Collaboration Issues in Data Science
Even with all the success we've seen today in machine learning (ML),
specifically deep learning and its applications in business, the data science
community still lacks good practices for organizing their projects and
effectively collaborating across their varied ML projects. This is a critical
challenge: we need to evolve towards ML algorithms and methods no longer being
tribal knowledge and making them easy to implement, reuse, and manage.
To make progress, many areas of the ML experimentation process need to be
formalized. Common questions need to be answered in an unified, principled way.

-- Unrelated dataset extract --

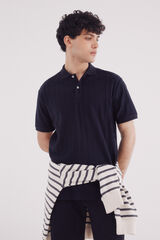 Springfield Polo de estrutura vertical de regular fit azul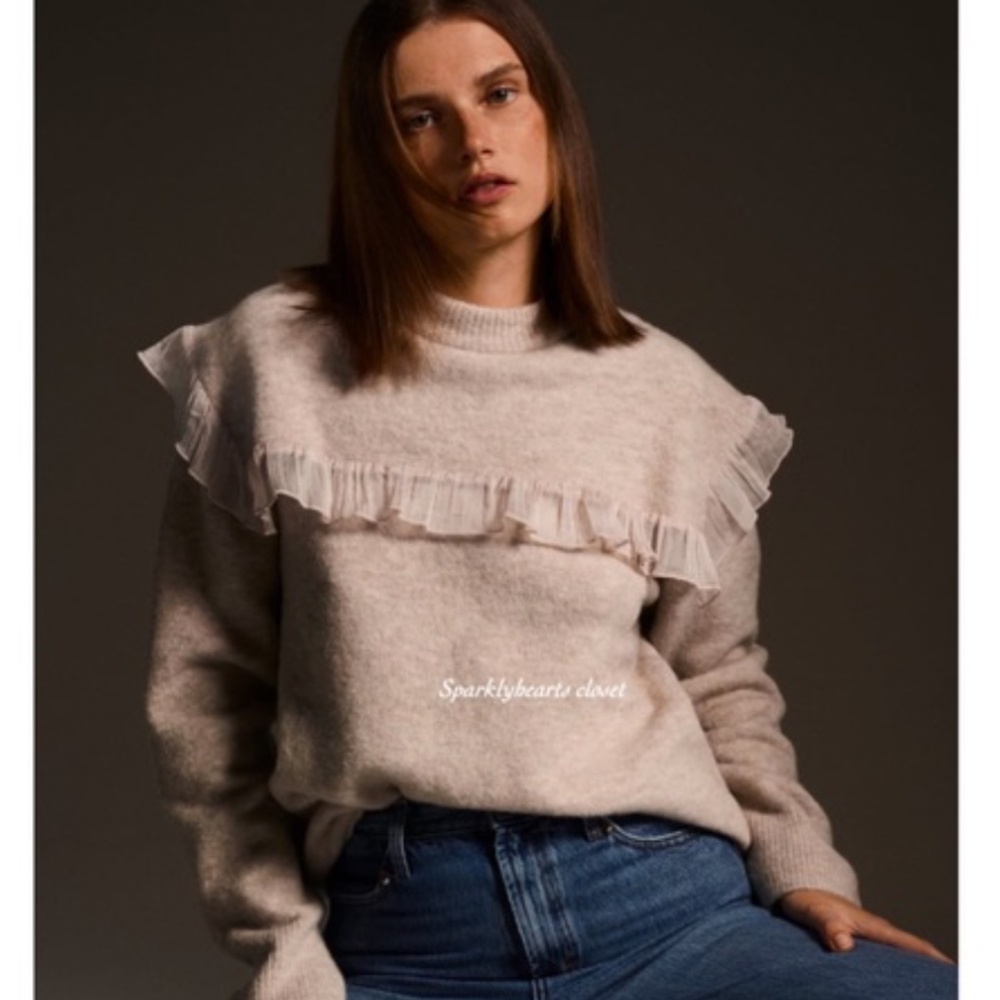 Zara Combination Organza Knit Sweater Beige Oversized Size Small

Source code and data versioning
- How do you avoid discrepancies between
revisions of source code and versions of
data files, when the data cannot fit into a traditional repository?
Experiment time log
- How do you track which of your
changes contributed the most to producing or improving your target
metric? How do you monitor the degree of
Navigating through experiments
- How do you recover a model from last week without wasting time waiting for the
model to retrain?
- How do you quickly switch between a large dataset and a small subset without
modifying source code?
- How do you run a model's evaluation process again without retraining the model
and preprocessing a raw dataset?
Managing and sharing large data files
- How do you share models trained in a GPU environment with colleagues who don't
have access to a GPU?
- How do you share the entire 147 GB of your ML project, with all of its data
sources, intermediate data files, and models?
Some of these questions are easy to answer individually. Data scientists,
engineers, or managers may already knows or can easily find answers to some of
them. However, the variety of answers and approaches makes data science
collaboration a nightmare. A systematic approach is required.